▶ **TASK INPUT**
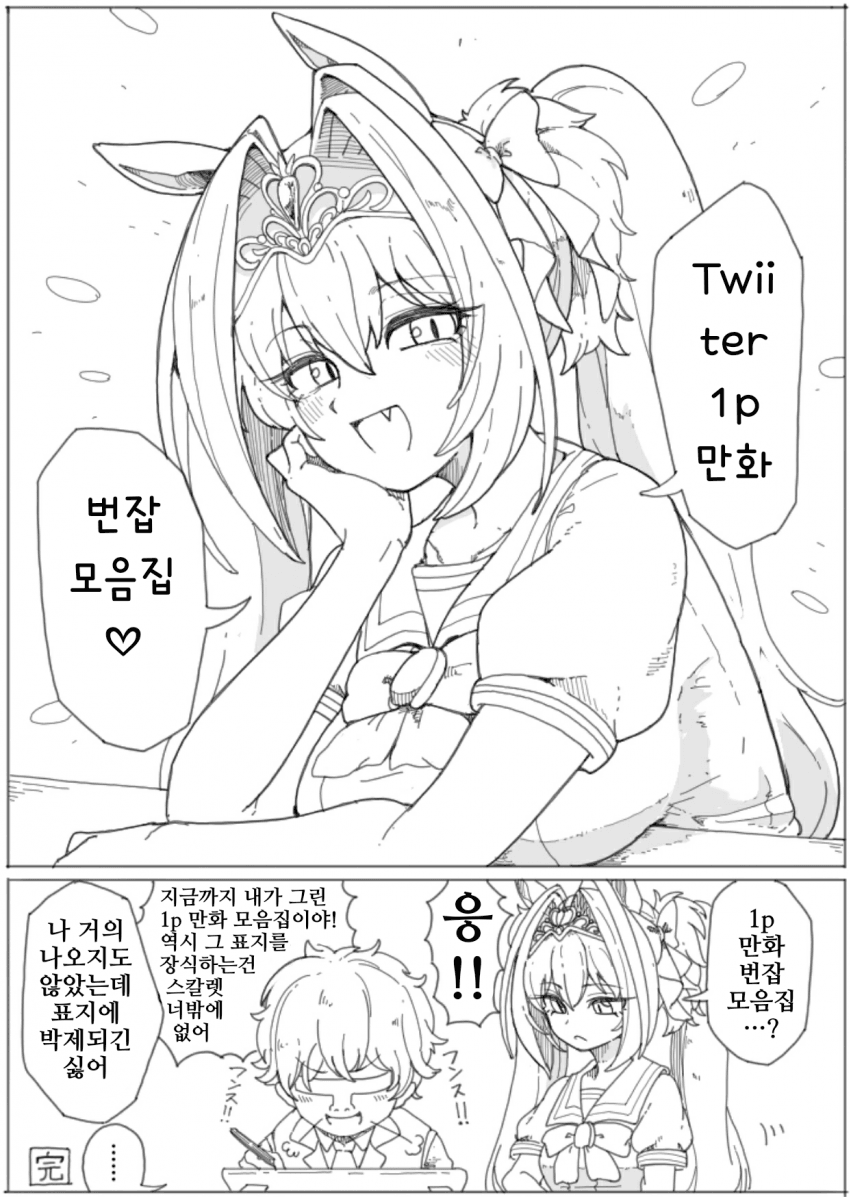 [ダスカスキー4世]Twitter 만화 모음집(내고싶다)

* * *

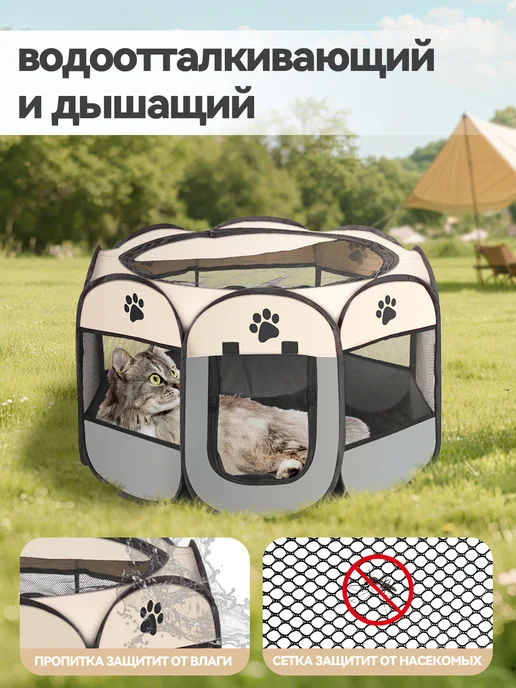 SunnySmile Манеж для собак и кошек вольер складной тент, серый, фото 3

...

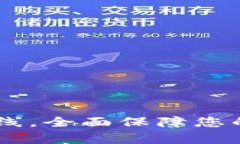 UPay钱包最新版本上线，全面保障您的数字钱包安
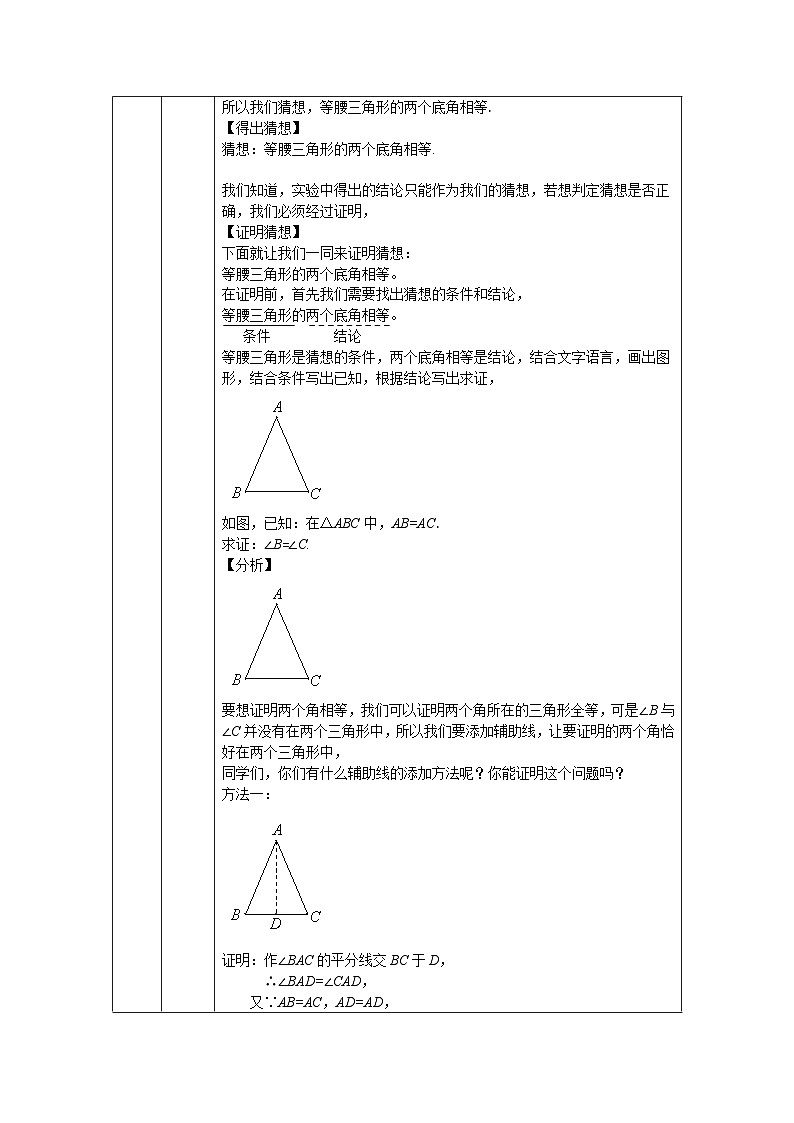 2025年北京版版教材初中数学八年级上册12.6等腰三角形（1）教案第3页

▶ **YOUR ASSIGNMENT**
Give back exactly, and solely, the section of the data above bounded by the line containing "UPay钱包最新版本上线，全面保障您的数字钱包安" and the line containing "2025年北京版版教材初中数学八年级上册12.6等腰三角形（1）教案第3页", both bounding lines included and pictures omitted.

▶ **SOLUTION TO THIS PROBLEM**
 UPay钱包最新版本上线，全面保障您的数字钱包安
 2025年北京版版教材初中数学八年级上册12.6等腰三角形（1）教案第3页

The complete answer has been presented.